Social Media Small Print

Who reads social media small print in detail when they sign up? Not many people that’s for sure. When faced with the pages of waffle most of us skip to the bottom and press agree. Blindly believing that organisations only have our interests at heart wanting to connect us with our nearest and dearest. For this post I delve into the murky depths of social media small print to show you what you agreed to when you signed up. And what you agreed to let the likes of Facebook, Instagram, Twitter and Linkedin do with your work.  This post focuses on the rights you assign to these providers relating to the photographs you post on their platforms and how you can be unwittingly giving away your work for free.

Before I get into details, service agreements use the terms copyright and licence, if you aren’t familiar with these terms please read my post Copyright and Photography which explains them in detail.

Who Owns the Copyright?

All four providers mentioned above agree that you retain the copyright of any material that you post. This material can be photographs, drawings, your written words, videos or audio.  But by signing up to and using these platforms you grant these organisations a license to use your material, free-of charge.  We need to grant this type of licence in order for these platforms to be able to provide the service.  But we are unwittingly giving them free use of our imagery.  For them to use our work and to sub-licence it to third parties.

The Dangers

The dangers of posting photographs online were highlighted in a recent case in New York.  A professional photographer posted her images on Instagram and was approached by a media outlet to use the images in an article.  They offered a paltry sum which the photographer refused.  The company side-stepped the law by then embedding the Instagram post in their website at no cost.  The court case ruled that under the terms of use this was a perfectly legitimate sub-license issued by Instagram.
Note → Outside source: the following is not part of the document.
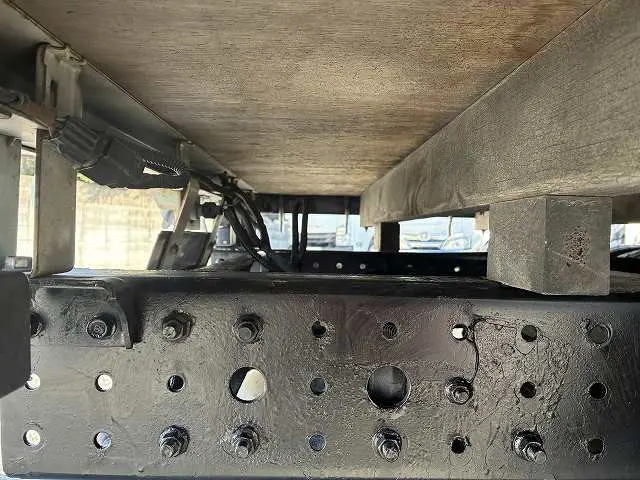 三菱 キャンター TPG-FDA00(4WD)の写真25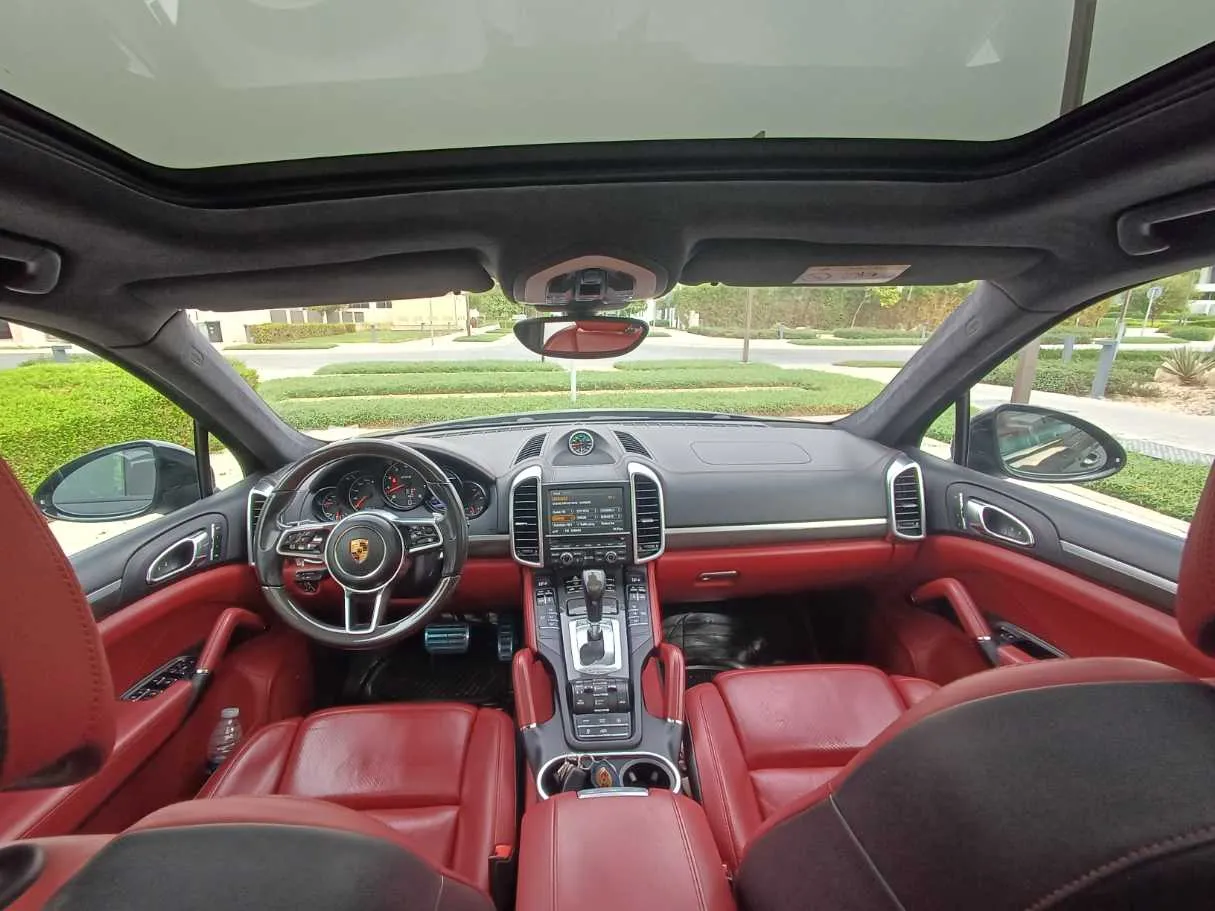 Car image 17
The full article can be read here.

The Small Print

So what do four of the largest social networks in the world expect you to sign away when you sign up to use their services. The following extracts are taken from the terms of service of the four providers.  If you want to read more, links to the full terms of use are given below each extract.

Facebooks Terms State:

We need certain permissions from you to provide our services:

Permission to use content that you create and share: ….. when you share, post or upload content that is covered by intellectual property rights on or in connection with our Products, you grant us a non-exclusive, transferable, sub-licensable, royalty-free and worldwide licence to host, use, distribute, modify, run, copy, publicly perform or display, translate and create derivative works of your content.

Instagram being part of the Facebook group uses very similar wording:

Permissions You Give to Us. As part of our agreement, you also give us permissions that we need to provide the Service.
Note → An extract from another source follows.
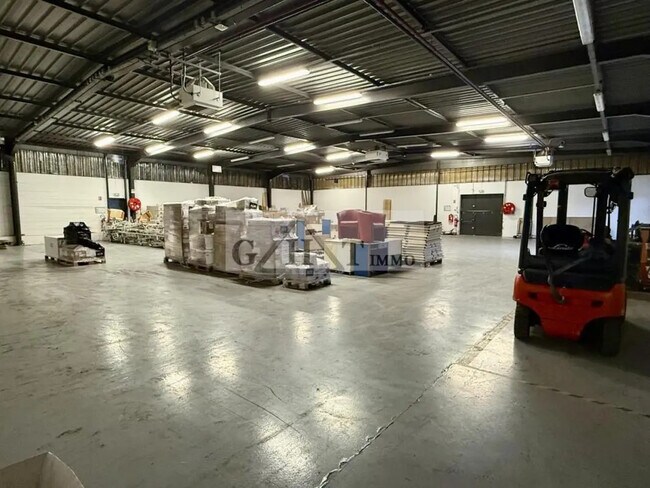 Plus de détails pour Bureau, Industriel/Logistique à louer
We do not claim ownership of your content, but you grant us a license to use it……. when you share, post, or upload content that is covered by intellectual property rights (like photos or videos) on or in connection with our Service, you hereby grant to us a non-exclusive, royalty-free, transferable, sub-licensable, worldwide license to host, use, distribute, modify, run, copy, publicly perform or display, translate, and create derivative works of your content.

Linkedin states the following in their user agreement:

You own all of the content, feedback and personal information you provide to us, but you also grant us a non-exclusive license to it.

……you own the content and information that you submit or post to the Services, and you are only granting LinkedIn and our affiliates the following non-exclusive license:

A worldwide, transferable and sublicensable right to use, copy, modify, distribute, publish and process, information and content that you provide through our Services and the services of others, without any further consent, notice and/or compensation to you or others.

Twitter’s terms state:

You retain your rights to any Content you submit, post or display on or through the Services. What’s yours is yours — you own your Content (and your incorporated audio, photos and videos are considered part of the Content).

By submitting, posting or displaying Content on or through the Services, you grant us a worldwide, non-exclusive, royalty-free license (with the right to sublicense) to use, copy, reproduce, process, adapt, modify, publish, transmit, display and distribute such Content in any and all media or distribution methods now known or later developed

The Conclusion

So what does all this mean for photographers and other content creators.  Should we stop using these sites completely to protect our work? Or does this prevent us from accessing a valuable easily accessible audience for our work? It is clearly a fine balance between exposure and exploitation. And an area that generates more questions than answers.

My advice would be to continue to post but be fully aware of the terms you agree to on these platforms, only post low resolution images and use your watermark wherever possible.